The Tax Court disagreed, finding that the company’s claimed deductions didn’t satisfy the “all events” test because the purchase of gasoline functioned as a condition precedent to a customers’ redemption of discounts earned at the grocery store checkout. Accordingly, the Tax Court reasoned, any liability became fixed only after customers applied the accumulated discounts to a fuel purchase, which, in the case of the disallowed deductions, occurred after the end of the tax year.
Judge Roth indicated that, according to the “all events test” found in tax code Section 461(h)(4), accrual method taxpayers are expressly permitted to deduct expenses before they are paid, so long as all events have occurred which determine the fact of liability and the amount of such liability can be determined with reasonable accuracy.

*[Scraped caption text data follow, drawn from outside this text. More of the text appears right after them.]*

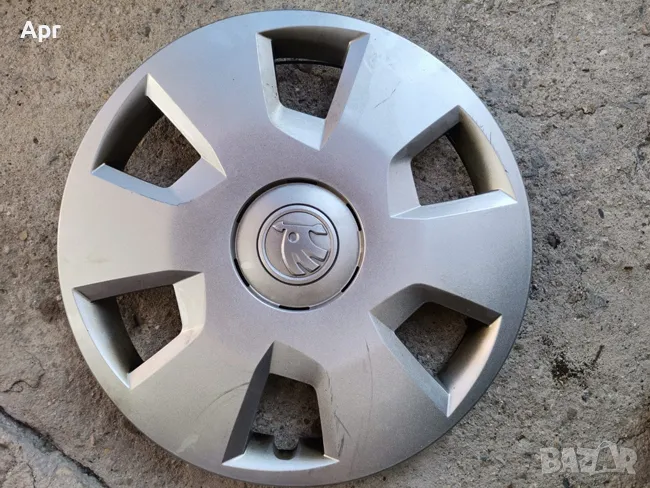 1 брой ОРИГИНАЛЕН тас за ШКОДА 14" , снимка 1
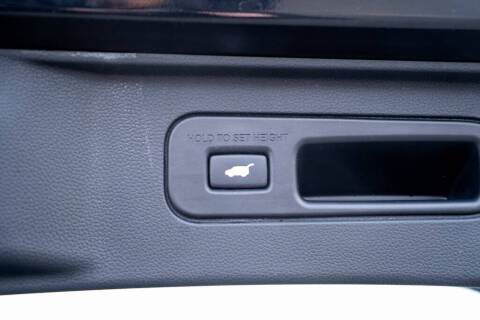 2023 Honda Pilot EX-L w/Rear Captain's Chairs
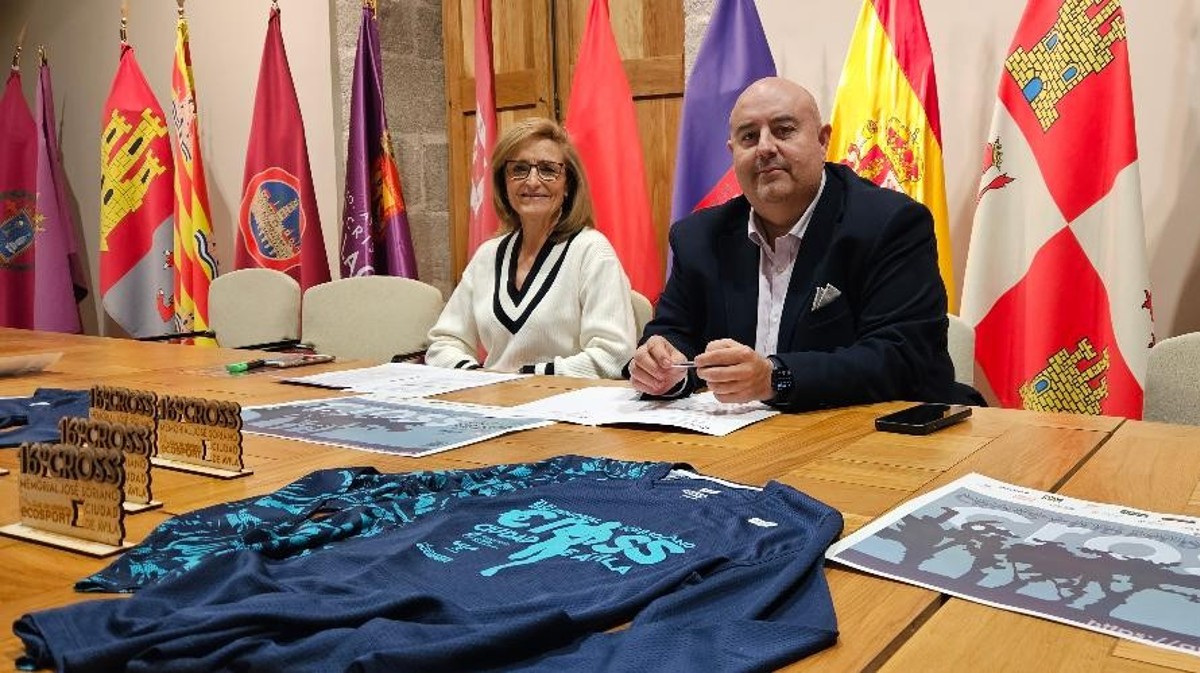 Longina Herráez junto a Carlos López, el jueves en la presentación del cross.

According to Judge Roth, Giant Eagle was entitled to deduct the gasoline-related liabilities for the years at issue, indicating the Tax Court misapplied the “all events” test as it applies to recurring expenses.
“Giant Eagle characterizes its issuance of fuelperks! rewards as a unilateral contract formed at checkout, which conferred instant liability on the supermarket chain to its customers for the rewards they accrued,” Judge Roth said.
Roth added that it was irrelevant that neither the total amount of the company’s anticipated liability nor the identity of all the customers who eventually applied for the discounts toward gasoline could be identified by year’s end.
In applying the recurring item exception to the Giant Eagle facts, Roth indicated the only inquiry necessary was whether the “fact of liability” was fixed as of year-end. The Appeals Court analyzed other similar cases and concluded under contract law principles that a fixed liability was incurred under state law at the time of the grocery purchase even though the total amount of the liability nor the identity of each customer could be conclusively identified at year end. All that is demanded in the all events test is that the chance of non-redemption be calculated with reasonable accuracy. Giant Eagle’s statistical analysis and continued review of customer monthly redemption rates was adequate to calculate the liability at year end with reasonable accuracy.
A strong dissent was written by Judge Hardiman largely disagreeing with the majority opinion because Giant Eagle’s liability was general in nature, contained a three-month expiration period, and there was not a strict obligation to afford benefits to identified persons. He would have disallowed satisfaction of the all events test saying the obligation was contingent on claiming the fuel reduction benefit at the pump.
Implications for Taxpayers
Taxpayers may want to review the tax treatment of significant reserves booked in their financial statements. This might include a review of current tax treatment of reserves as deductible and utilize the Giant Eagle decision to support the position for current deductibility. Taxpayers who have taken a conservative approach and disallowed similar reserves may want to review making a favorable accounting method change application.